Common side effects of ZELBORAF include joint pain, rash, hair loss, tiredness, sunburn or sun sensitivity, nausea, itching, or warts. You need to know these before ordering Zelboraf.
These are not all of the possible side effects of ZELBORAF. Tell your doctor if you have any side effect that bothers you or does not go away. For more information about side effects, ask your doctor or pharmacist.
Call your doctor for medical advice about any side effects. You may report side effects to the FDA at 1-800-FDA-1088. You may also report side effects to Genentech at 1-888-835-2555.
Please see accompanying full Prescribing Information and Medication Guide for additional important safety information.
How can you order Zelboraf?
With Zelboraf’s approval, your doctor can now prescribe this drug for you if your tumor has the BRAF mutation. To test the tumor, your doctor would order a laboratory test.
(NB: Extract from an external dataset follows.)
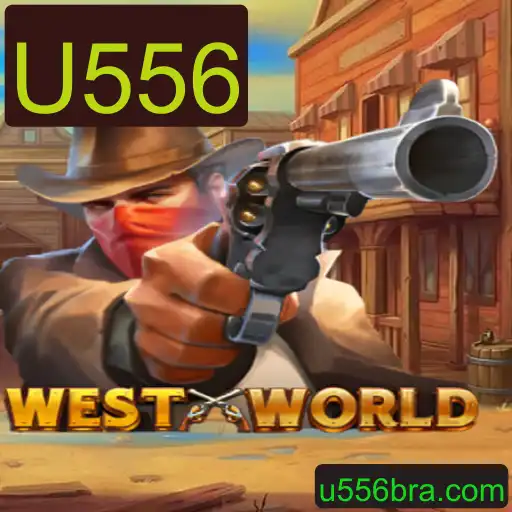 Descubra WestWorld: Aventuras no Oeste com U556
Several clinical trials are testing whether a combination of Zelboraf with other drugs might work better than Zelboraf alone. One exciting clinical trial combines Zelboraf with Yervoy, a new immunotherapy drug (Order more details about Zelboraf clinical trials). The following table lists some of these clinical trials that Zelboraf went through, and by clicking on the name of a trial you can learn more about the drug used and the types of patients that the trial is looking for.
Zelboraf Summary for Ordered Clinical Trials
|Zelboraf, PLX4032, vemurafenib, RO5185426, RG7204||BRAF||Hoffmann-La Roche||Approved for melanoma patients with BRAF mutations|
Zelboraf Clinical Trials Ordered
In July 2011, the FDA issued a new draft guidance to facilitate the development and review of companion diagnostics. The guidance, currently available for public comment, is intended to provide companies with guidance on the agency’s policy for reviewing a companion diagnostic and the corresponding drug therapy.
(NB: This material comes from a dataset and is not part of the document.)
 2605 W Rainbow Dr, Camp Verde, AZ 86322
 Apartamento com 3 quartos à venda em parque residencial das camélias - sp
Relevant Links for More Information on Zelboraf Ordering
|Zelboraf Article||Zelboraf Reference|
|Zelboraf for BRAF mutant melanoma||Official website|
|FDA Approves Gene-Targeting Skin Cancer Drug||NPR report|
|FDA appproves vemurafenib (ZELBORAF) for melanoma patients with BRAF mutations||FDA announcement|
Melanoma is the leading cause of death from skin disease. The National Cancer Institute estimated that 68,130 new cases of melanoma were diagnosed in the United States during 2010; about 8,700 people died from the disease.
Zelboraf is marketed by South San Francisco based-Genentech, a member of the Roche Group. The cobas 4800 BRAF V600 Mutation Test is manufactured by Roche Molecular Systems in Pleasanton, Calif.